|By: Paul S. Cilwa||Viewed: 3/20/2023
|Page Views: 252|
|Topics: #Autobiography #Vermont|
|Being groomed into he rituals of my mother's religion.|
Catholic kids normally celebrate their First Communion when they are seven; but my Dad's death had thrown that schedule off. So Mary Joan and I attended Catechism classes in nearby Lunenburg at St. Leo's Church, under the guidance of Father Michael Dimassi—"Father Mike" as we called him.
I had a little trouble grasping the concept of "sin" but there was one thing I was ready to confess. When I was five, I had gotten mad at my father over something and spanked him. Obviously, that couldn't have hurt him; in fact, he just laughed. But I still felt guilty over it and, now that he was dead, I couldn't even apologize. So, in my first Confession, that was my sin. I confessed it and felt somewhat better, even though Father Mike assured me that five was well before the "age of reason" and therefore I wouldn't be held responsible by God for anything I had done at that age.
I was terribly worried about taking Communion. I was a very fussy eater. What if I didn't like the taste of the Host? Mom made it very clear I could not spit it out. I would have to swallow it whether I liked it or not…which turned out to be an apt metaphor for the entire body of Catholic dogma I was yet to learn.

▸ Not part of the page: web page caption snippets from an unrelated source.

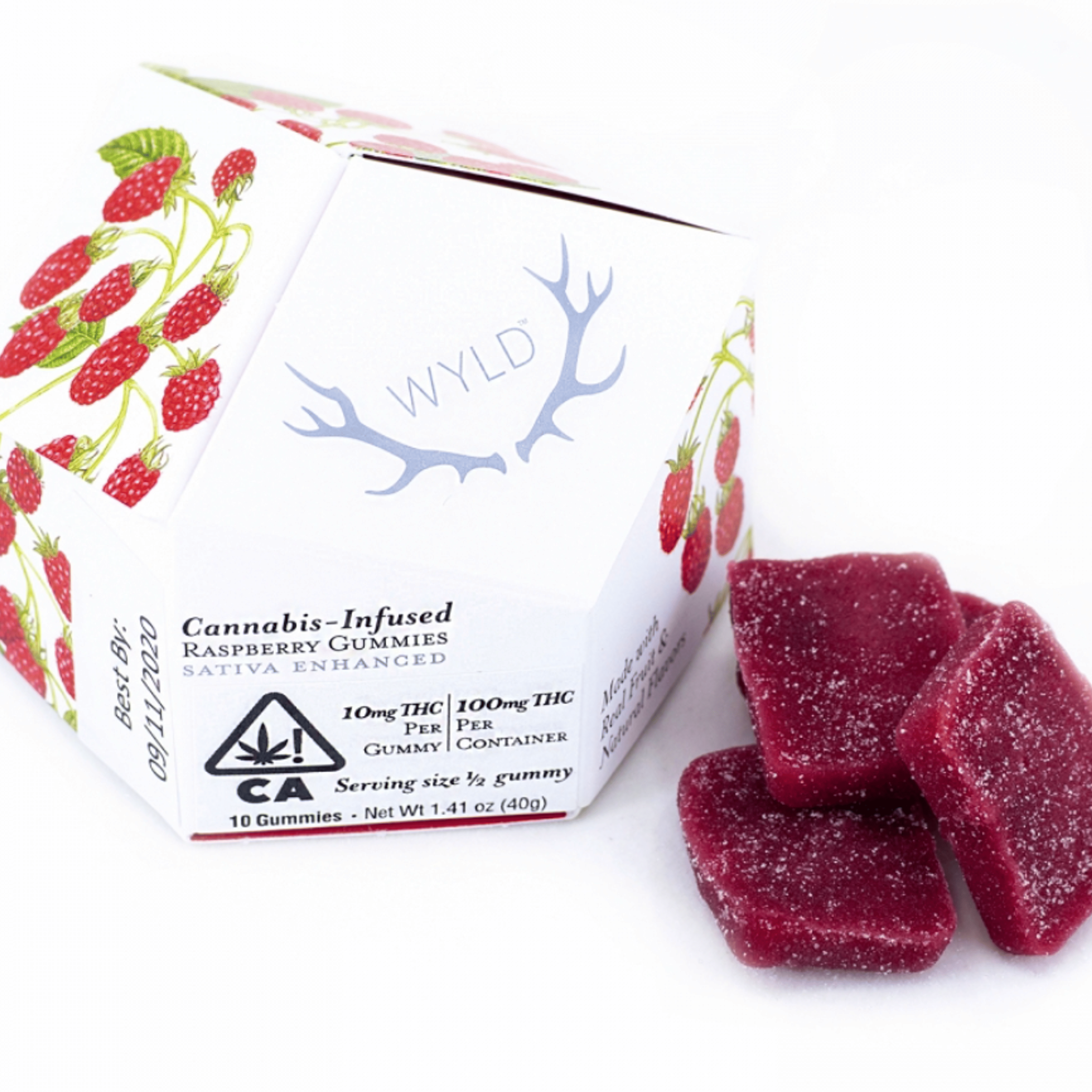 Wyld: Raspberry Gummies - Wyld - - $23 - Edibles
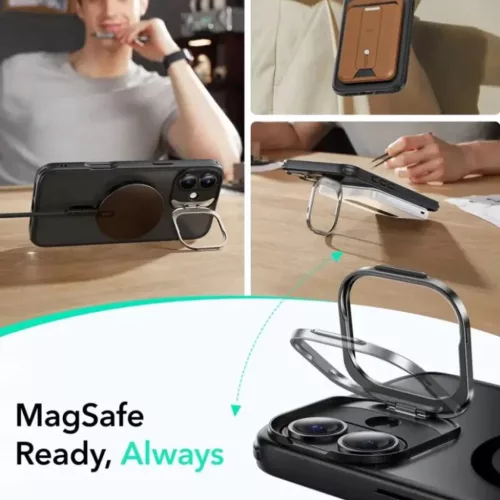  iPhone 16 Matt Fekete ESR Klasszikus Hibrid HaloLock Kitámasztós To-4894240254622 9 kép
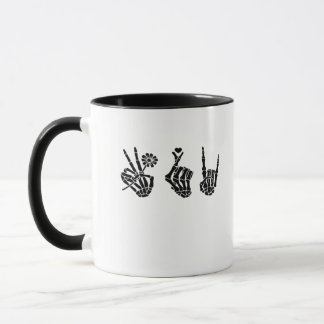 Caneca Paz E Esqueleto Roll Manipulam Clássicos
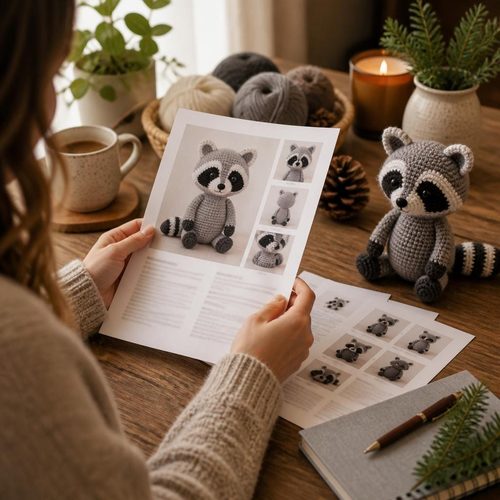 Woodland Raccoon Crochet Pattern view 6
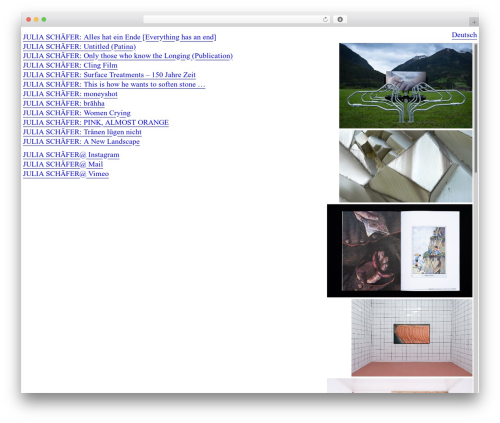 Empty WordPress plugin - julia-schaefer.com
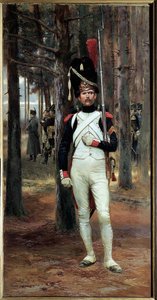 Grenadier te voet van de keizerlijke garde in 1806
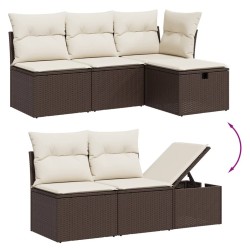 Ensemble à manger de jardin avec coussins 9 pcs noir 495038495038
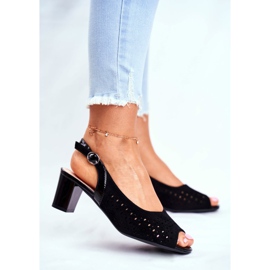 Sandales Pour Femmes À Talons Hauts Sergio Leone Noir SK832 2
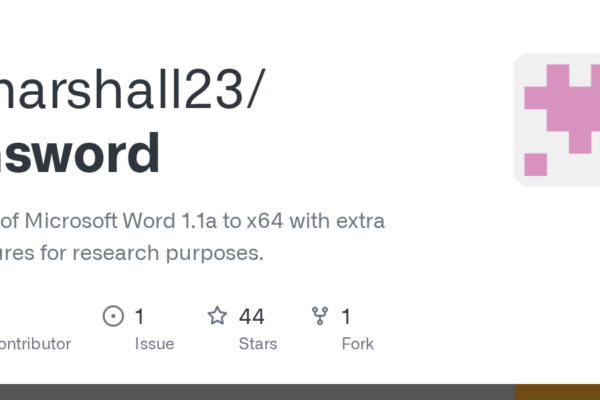 Microsoft Word 1.1a: Versión mejorada para x64 con nuevas funciones orientadas a la investigación disponible en GitHub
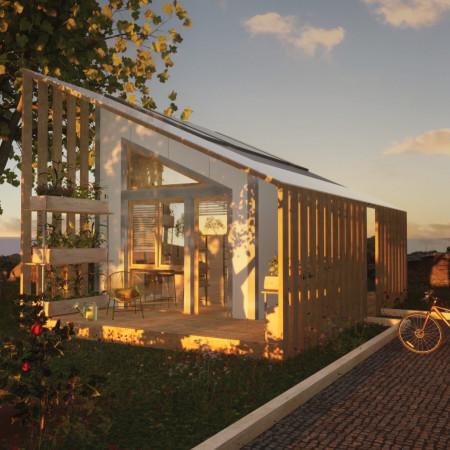 Charred Wooden Shingles and Expansive Glass Facades in a Community-Centric Space  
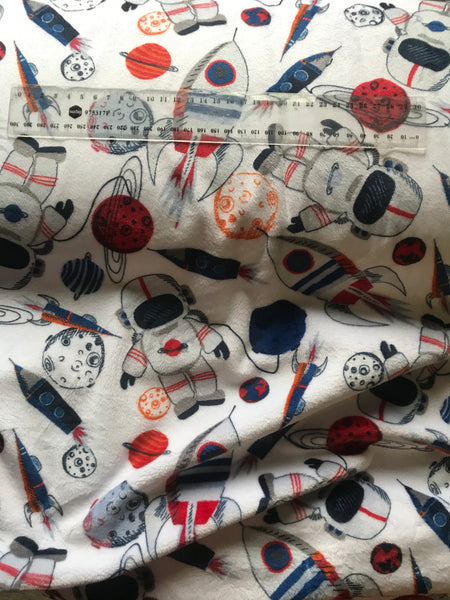 Space Cadet Minky Cuddle Fabric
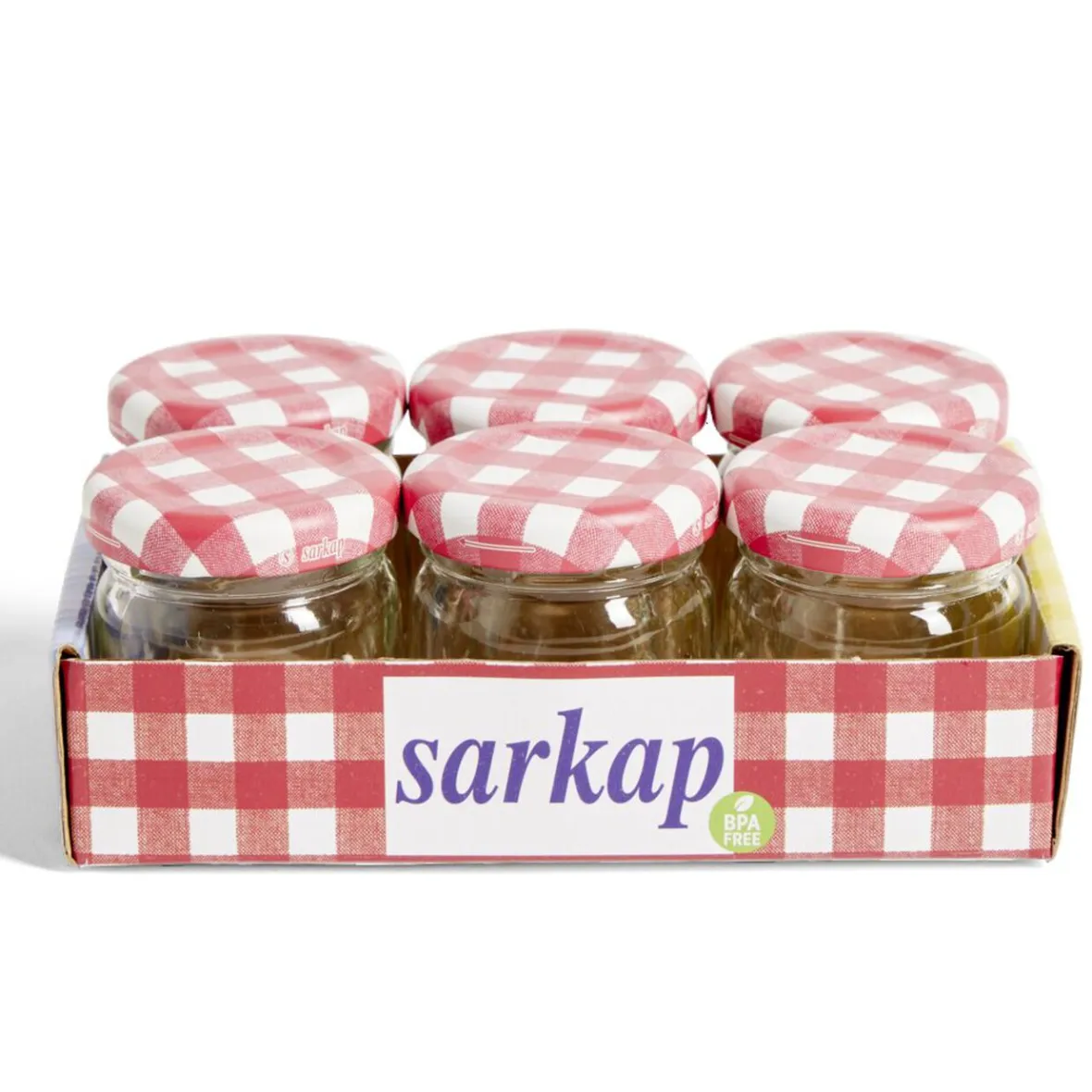 Vaisselle Et Accessoires De Table<Gifi Lot de 6 pots à confiture acier et verre Ø4,5xH4,6cm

Finally, we drove to Lunenburg over the "back road" through Granby. Although it's clearly the most direct route, even today the road is too minor to appear on Google Maps. Still, it was a beautiful road, unpaved, unspoiled, through Vermont's gorgeous Green Mountains.
Although I was too young to be an altar boy, Father Mike encourage participation by the parish's younger members. He instituted what he called "observers", boys and girls who got to wear the altar boy's black cassock beneath a white surplice. He had us sit on a marble bench just inside the sanctuary, against the alter rail. There would usually be between six and ten of us, whose only job was to sit quietly during Mass, and to move the marble bench away from the altar rail for Communion and to replace it afterwards.
Even among the more worldly residents of Lunenburg, my Mom was a mystery woman. There she sat, usually in the second row from the front, with Louise and Mary Joan, while I sat with the other observers during Mass. One Sunday Father Mike's sermon was on the evils of drink. As soon as he mentioned Scotch, which I knew was Mom's drink of choice (she had one, or possibly two, shots of it over ice every afternoon), I turned around in front of the whole church and winked at Mom. She was mortified, convinced that everyone would now believe she was an alcoholic. (Which they probably did, thanks to me!)